Exercise material:

▬▬▬

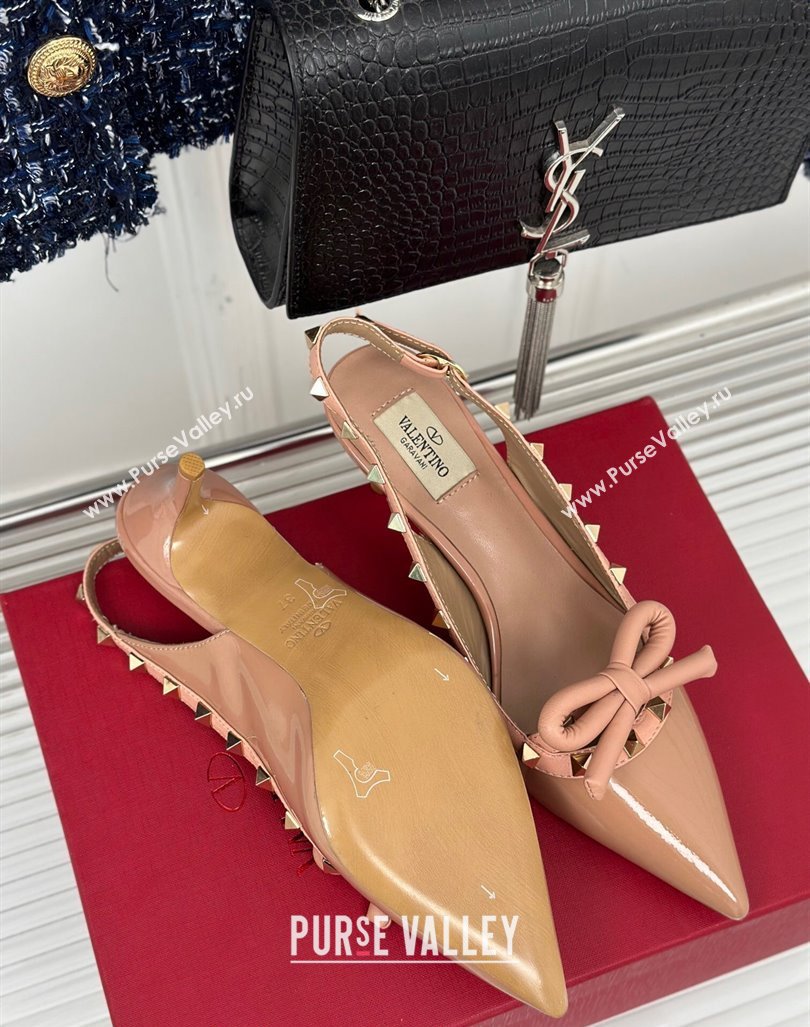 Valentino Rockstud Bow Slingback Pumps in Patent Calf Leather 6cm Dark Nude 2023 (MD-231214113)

▬▬▬

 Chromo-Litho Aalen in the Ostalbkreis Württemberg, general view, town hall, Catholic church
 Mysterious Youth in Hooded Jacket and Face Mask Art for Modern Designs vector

▬▬▬

Could you set down, word for word, only the lines above from the line with "Chromo-Litho Aalen in" to the line with "Mysterious Youth in", including both?

Answer space:
 Chromo-Litho Aalen in the Ostalbkreis Württemberg, general view, town hall, Catholic church
 Mysterious Youth in Hooded Jacket and Face Mask Art for Modern Designs vector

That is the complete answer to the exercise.